Introduction

Qlustar Clusters

A Qlustar cluster is designed to boot and manage compute and/or storage nodes (hosts) over the network and make them run a minimal OS (Operating System) image in RAM. Local disks (if present) are only used to preserve log files across boots and for temporary storage (e.g. for compute jobs). Hence all Qlustar cluster nodes apart from head-nodes are always state-less.

One or more head-nodes deliver the OS boot images to the nodes. Additionally, a small NFS share containing part of the configuration space for the nodes is exported from one of the head-nodes. Optionally, the RAM-based root FS (file-system) can be supplemented by a global UnionFS chroot to support software not already contained in the boot images themselves. The head-node(s) of the cluster typically provides TFTP/PXE boot services, DHCP service, NIS service and/or slurm resource management etc. to the cluster.

The management of these and all cluster-related components of a Qlustar installation in general can easily be accomplished through a single administration interface: QluMan, the Qlustar Management interface. The QluMan GUI is multi-user as well as multi-cluster capable: Different users are allowed to work simultaneously with the GUI. Changes made by one user are updated and visible in real-time in the windows opened by all the other users. On the other hand, it is possible to manage a virtually unlimited number of clusters within a single instance of the QluMan GUI at the same time. Each cluster is shown in a tab or in a separate main window.

Overview of basic Setup Principles

A central part of Qlustar are its pre-configured modular OS images. Different nodes may have different hardware or need to provide specific and varying functionality/services. Therefore, to optimize the use of hardware resources and increase stability/security, Qlustar does not come with just one boot image that covers every use-case. Instead, a number of image modules with different software components are provided from which individual custom OS images can be created as needed. A Qlustar OS image just contains what is actually required to accomplish the tasks of a node, nothing more. See below for more details about configuring OS images.

But providing different OS images is still not enough for a flexible yet easily manageable cluster: A node booting a generated image also receives extra configuration options via DHCP, via qlumand and via NFS at boot time, thus allowing to fine-tune the OS configuration at run-time. E.g. it is possible to determine how the local disks are to be used (if any are present), whether additional services like OpenSM or samba should be enabled/disabled and a lot more. Four different configuration/property categories exist in QluMan:

  • Generic-Properties are simple on/off options or key+value pairs applicable to groups of nodes, e.g. to flag the reformatting of the local disks at the next boot, add SMTP mail functionality, etc.

  • Config Classes handle more complex configurations like boot/disk configs, DHCP, etc.

  • Hardware-Properties are not used to configure the nodes themselves but describe their hardware configuration and are of importance e.g. for the slurm workload manager and/or inventory management.
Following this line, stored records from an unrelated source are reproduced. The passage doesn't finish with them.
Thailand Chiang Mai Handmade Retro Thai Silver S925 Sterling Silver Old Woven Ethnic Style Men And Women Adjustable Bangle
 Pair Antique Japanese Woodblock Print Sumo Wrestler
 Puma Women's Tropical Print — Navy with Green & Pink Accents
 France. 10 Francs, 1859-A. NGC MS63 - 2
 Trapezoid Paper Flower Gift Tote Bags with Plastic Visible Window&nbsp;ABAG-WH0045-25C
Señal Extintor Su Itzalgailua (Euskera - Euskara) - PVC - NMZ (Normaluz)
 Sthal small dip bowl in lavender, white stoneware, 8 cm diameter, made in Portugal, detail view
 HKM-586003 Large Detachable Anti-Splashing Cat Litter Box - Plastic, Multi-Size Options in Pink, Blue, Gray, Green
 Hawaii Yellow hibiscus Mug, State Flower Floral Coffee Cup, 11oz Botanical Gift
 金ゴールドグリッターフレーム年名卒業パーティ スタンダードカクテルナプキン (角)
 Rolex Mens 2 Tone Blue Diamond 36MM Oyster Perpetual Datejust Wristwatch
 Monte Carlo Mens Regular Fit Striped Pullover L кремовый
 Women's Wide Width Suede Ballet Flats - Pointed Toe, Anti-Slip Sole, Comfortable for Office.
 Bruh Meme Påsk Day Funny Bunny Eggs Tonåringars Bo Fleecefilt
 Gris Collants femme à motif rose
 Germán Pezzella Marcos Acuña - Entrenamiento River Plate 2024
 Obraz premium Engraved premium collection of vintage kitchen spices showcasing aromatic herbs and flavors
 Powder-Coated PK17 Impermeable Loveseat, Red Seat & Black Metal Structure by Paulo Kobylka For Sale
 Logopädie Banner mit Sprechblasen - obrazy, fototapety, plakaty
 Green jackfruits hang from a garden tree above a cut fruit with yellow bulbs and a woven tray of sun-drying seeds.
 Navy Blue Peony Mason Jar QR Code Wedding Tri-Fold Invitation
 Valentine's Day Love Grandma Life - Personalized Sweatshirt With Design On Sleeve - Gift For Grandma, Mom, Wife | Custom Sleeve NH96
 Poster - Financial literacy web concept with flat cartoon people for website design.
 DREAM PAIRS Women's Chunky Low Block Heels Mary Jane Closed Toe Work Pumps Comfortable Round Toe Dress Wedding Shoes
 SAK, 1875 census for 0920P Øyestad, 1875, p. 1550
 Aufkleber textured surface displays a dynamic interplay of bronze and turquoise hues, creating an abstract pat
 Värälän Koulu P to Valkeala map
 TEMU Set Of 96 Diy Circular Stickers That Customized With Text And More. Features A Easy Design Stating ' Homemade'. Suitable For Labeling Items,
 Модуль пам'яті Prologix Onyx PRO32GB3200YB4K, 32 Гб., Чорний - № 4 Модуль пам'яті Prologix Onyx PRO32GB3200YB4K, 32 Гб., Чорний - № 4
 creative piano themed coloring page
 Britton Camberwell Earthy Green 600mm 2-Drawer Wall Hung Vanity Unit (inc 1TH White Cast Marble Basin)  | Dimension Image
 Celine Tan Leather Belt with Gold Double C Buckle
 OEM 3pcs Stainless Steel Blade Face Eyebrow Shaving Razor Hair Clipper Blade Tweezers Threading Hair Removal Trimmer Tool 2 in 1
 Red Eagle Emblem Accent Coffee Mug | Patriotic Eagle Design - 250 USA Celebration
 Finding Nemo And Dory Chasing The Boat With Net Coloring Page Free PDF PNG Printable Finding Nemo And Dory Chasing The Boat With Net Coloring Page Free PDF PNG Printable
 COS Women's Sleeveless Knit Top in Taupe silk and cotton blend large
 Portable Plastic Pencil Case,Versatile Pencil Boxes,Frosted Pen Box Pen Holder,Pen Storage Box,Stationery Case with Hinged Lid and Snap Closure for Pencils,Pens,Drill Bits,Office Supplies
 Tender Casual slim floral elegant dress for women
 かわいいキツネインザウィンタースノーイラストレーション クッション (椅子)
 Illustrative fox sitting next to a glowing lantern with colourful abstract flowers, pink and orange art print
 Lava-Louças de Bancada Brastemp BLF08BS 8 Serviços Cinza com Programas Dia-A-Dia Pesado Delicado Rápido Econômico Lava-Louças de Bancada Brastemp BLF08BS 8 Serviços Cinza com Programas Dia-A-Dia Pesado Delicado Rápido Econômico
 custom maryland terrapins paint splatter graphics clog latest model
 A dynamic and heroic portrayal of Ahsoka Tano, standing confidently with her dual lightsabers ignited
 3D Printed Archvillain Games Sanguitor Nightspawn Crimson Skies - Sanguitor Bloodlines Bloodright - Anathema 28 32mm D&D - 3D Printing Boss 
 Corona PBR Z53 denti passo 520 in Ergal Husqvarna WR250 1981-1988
Of course, one can configure every host in a cluster individually. But in most clusters, there are large groups of hosts that need to be configured identically. However, even if there are several groups, they might share only some properties/configurations, but not all of them. To provide a simple handling for such scenarios, while at the same time maintaining maximum flexibility, QluMan allows to combine generic properties, hardware properties and config classes each into sets.

For settings that apply to all hosts of a cluster, there are global sets: A global Generic Property set, a global Hardware Property set and a global Config set.

Additionally, it is possible to combine exactly one Generic Property set, one Hardware Property set and one Config set into a Host Template. Assigning a Host Template to a group of hosts allows to specify all of their specific properties and configuration settings with a single mouse-click.

For situations where flexibility is required (e.g. one host in a group has a slightly different hardware configuration than all the others), it is also possible to override or extend the settings defined in the chosen Host Template, by assigning either one of the sets and/or individual properties/config classes directly to a host. In case of conflicts, values from individual properties/config classes have highest priority, followed by set values, then the Host Template values and finally the global values. The Enclosure View presents a nice graphical representation of this hierarchy of settings for each host. For more details on this, see Configuring Hosts.